Solving comma.ai's Camera Calibration Challenge
08 Jan 2025Achieving 7.77% error using optical flow and median aggregation
I worked on comma.ai's camera calibration challenge, which asks you to predict camera pitch and yaw angles from dashcam video. The goal is to determine how the camera is misaligned relative to the vehicle's direction of travel.
The Key Insight
The critical realization was that camera calibration is constant per video. Unlike per-frame predictions that need smoothing, I could aggregate optical flow data across all frames and use the median as a robust calibration estimate.
The Algorithm
The solution uses the Focus of Expansion (FOE) theory: when a camera moves forward, the optical flow radiates outward from a single point.
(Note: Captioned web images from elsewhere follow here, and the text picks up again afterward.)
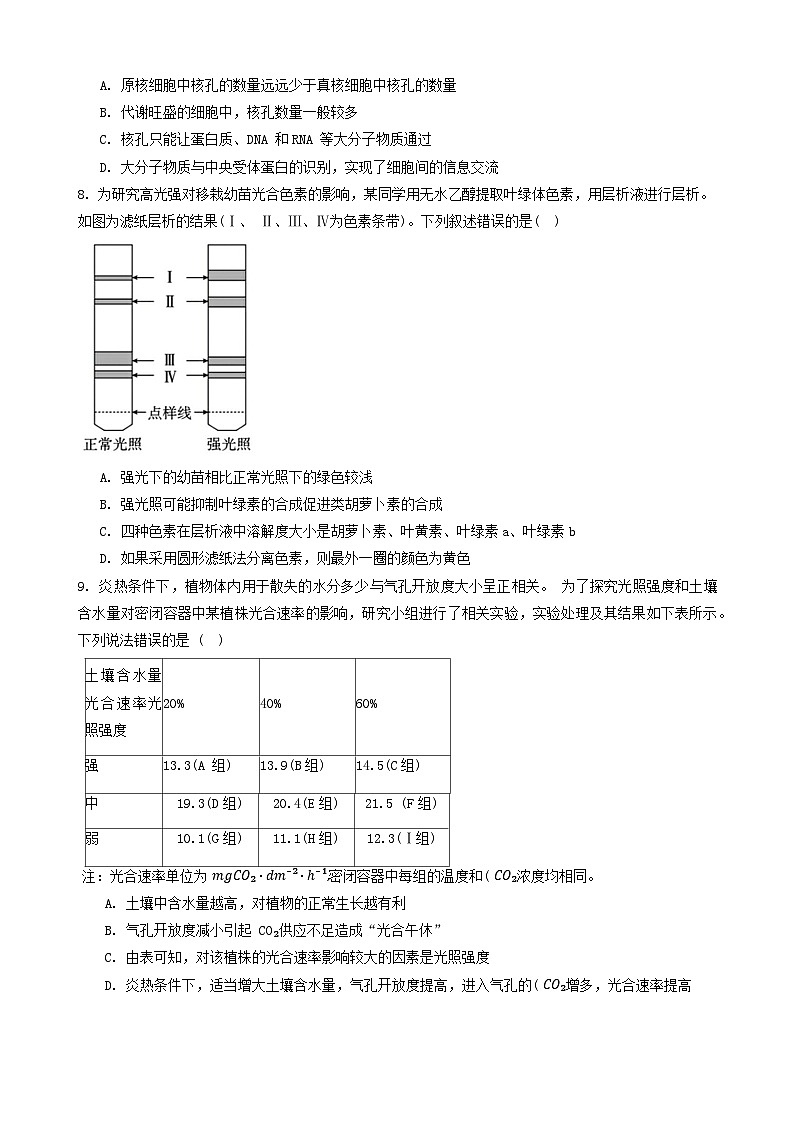 23，青海省西宁市2023-2024学年高三上学期期末联考生物试题第3页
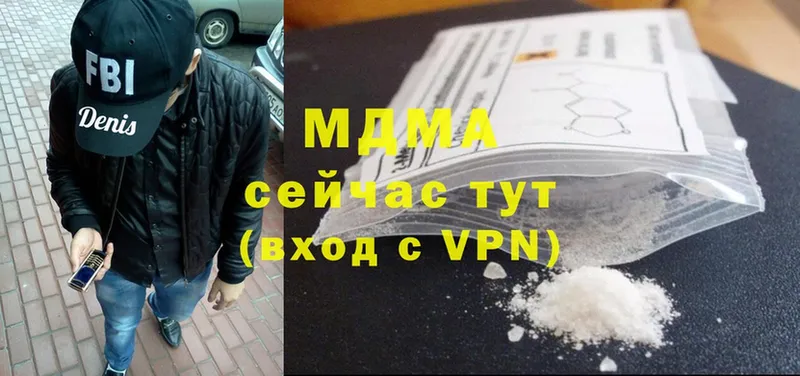 сколько стоит  Киреевск  KRAKEN ссылка  MDMA кристаллы 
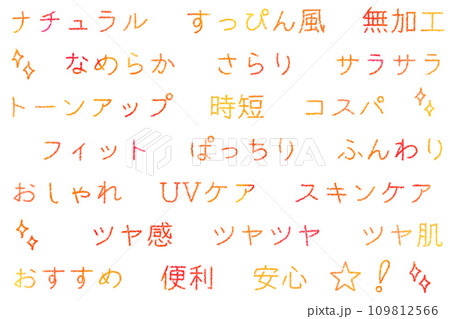 美容関係の手書き文字【セット】 美容関係の手書き文字【セット】 109812566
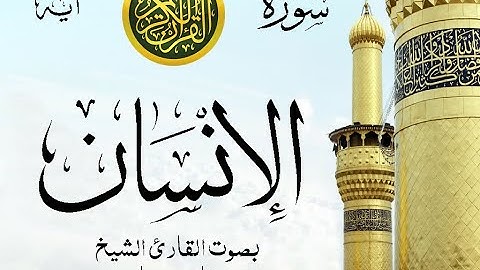 سورة الإنسان مع إظهار آيات القراءة - تلاوة القارئ الشيخ فارس عباد .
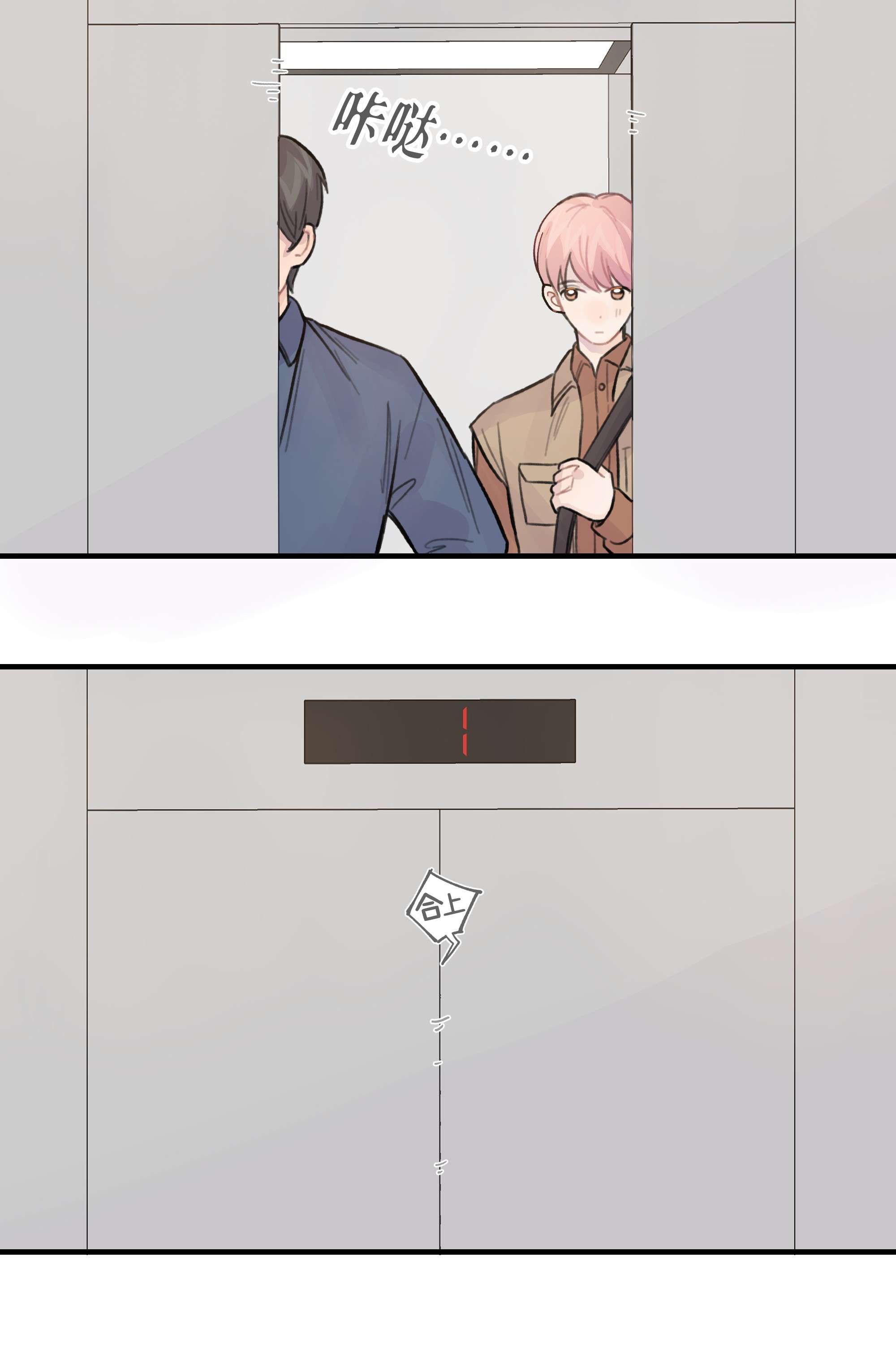 巴甫洛夫的狗025 我已经脱单了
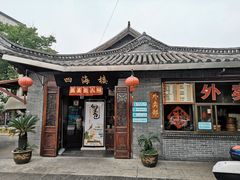 门面-四海楼(如皋定慧禅寺店)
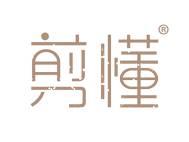 剪懂 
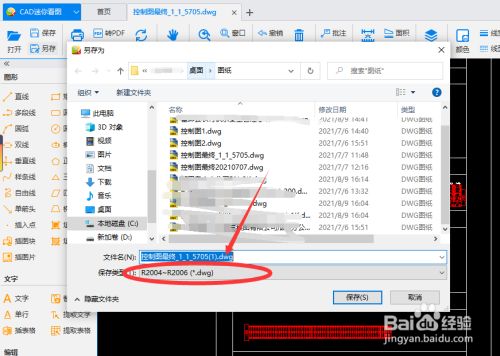 CAD迷你看图如何将CAD图纸转换为低版本4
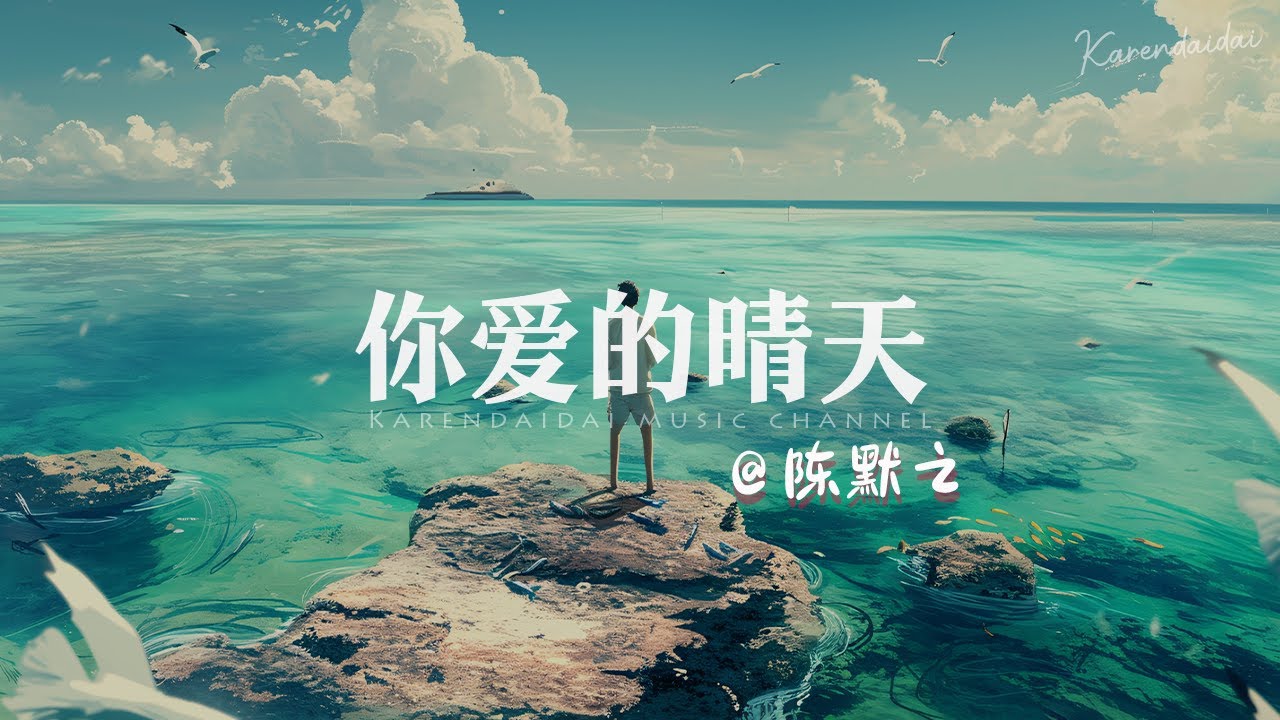 陈默之 - 你爱的晴天 「 怀念着初夏的晴天，回忆却只能靠相片。」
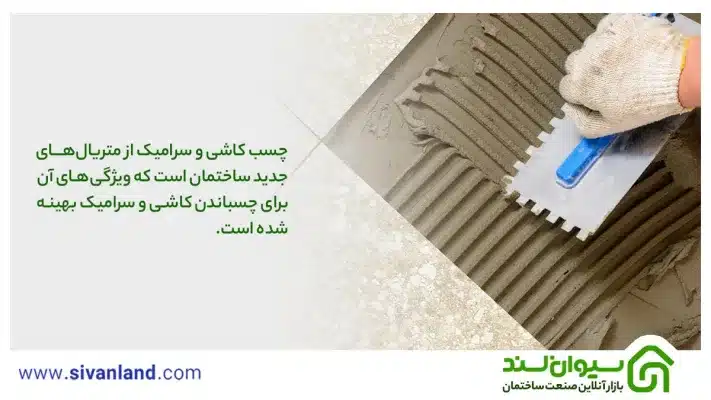 چسب کاشی بهتر است یا سیمان ؟ مقایسهی جامع و کامل چسب کاشی و ملات سیمان 8 8 چسب کاشی و سرامیک از متریالهای جدید ساختمان است که ویژگیهای آن برای چسباندن کاشی و سرامیک بهینه شده است.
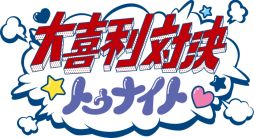 画像ギャラリー No.003のサムネイル画像 / サイバーコネクトツー，10月7日から開催の「マチ★アソビ vol.19」に出展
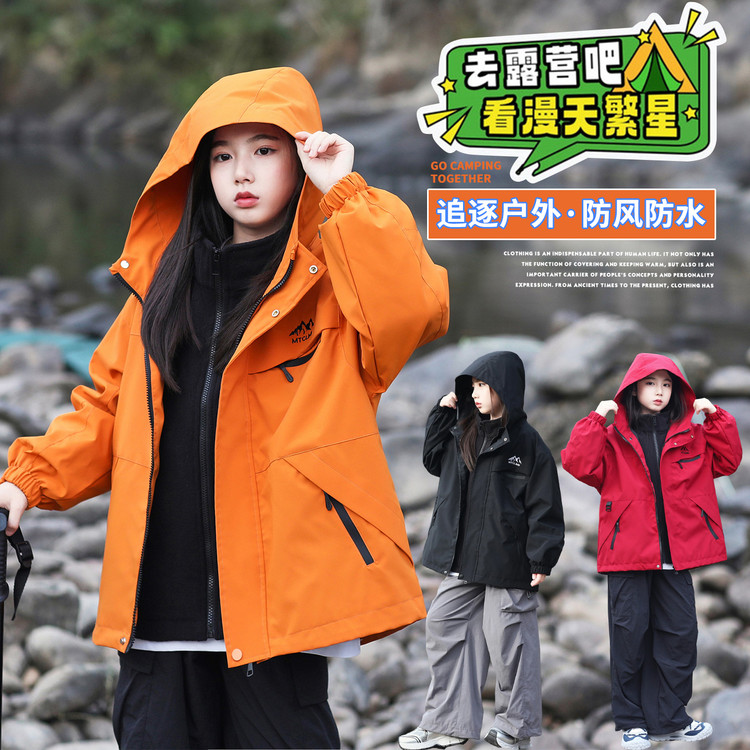女中童三防加厚保暖连帽冲锋衣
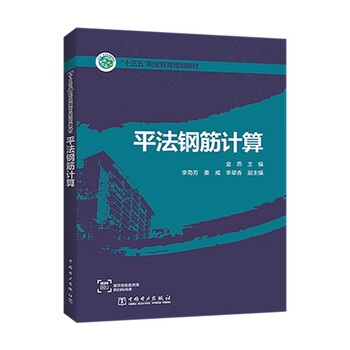 平法钢筋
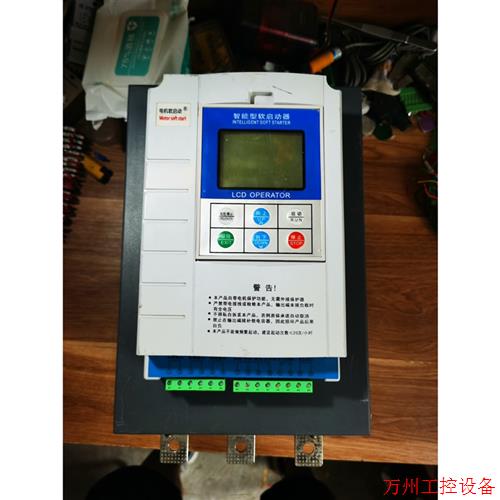 议价直拍不发:雷赛MA335B步进电机驱动器成色如图 拆机所得 功能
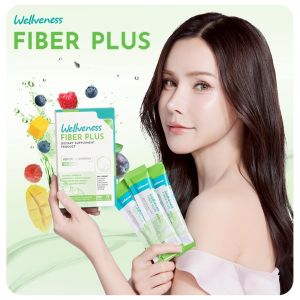 Wellveness Fiber Plus (ไฟเบอร์)
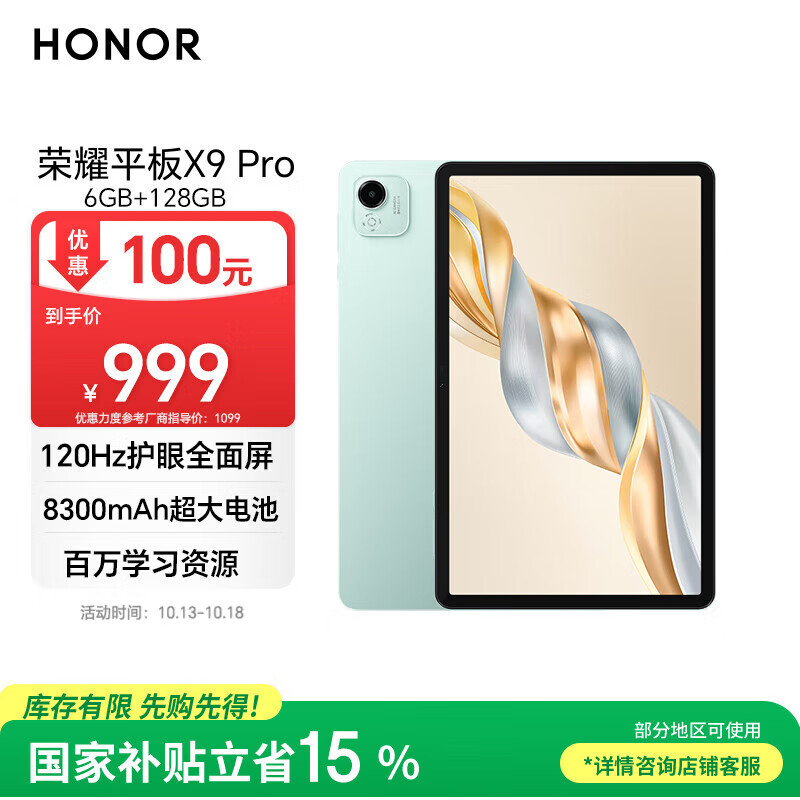 荣耀平板X9 Pro【国家补贴】11.5英寸平板电脑 120Hz护眼全面屏 8300mAh超大电池6+128GB天青色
If the camera is misaligned, this point shifts from the image center.
Per-frame pipeline:
- Shi-Tomasi corner detection (up to 3,000 features per frame)
- Lucas-Kanade pyramidal optical flow tracking
- Forward-backward validation to filter bad tracks
- RANSAC-based FOE estimation (1,000 iterations)
Video-level aggregation:
- Collect FOE estimates from all frames
- Apply median pooling to handle outliers from turns, stops, and tracking failures
- Convert pixel offset to pitch/yaw angles
Implementation Details
- ROI masking: exclude sky (top 40%) and hood (bottom 10%)
- Flow magnitude filtering: only use flows \(\geq 7.0\) pixels for reliability
- RANSAC with 1,000 iterations for robust FOE estimation
Results
- Overall MSE: 0.000118
- Error score: 7.77% (target was <25%)
- Improvement over baseline: 92.23% error reduction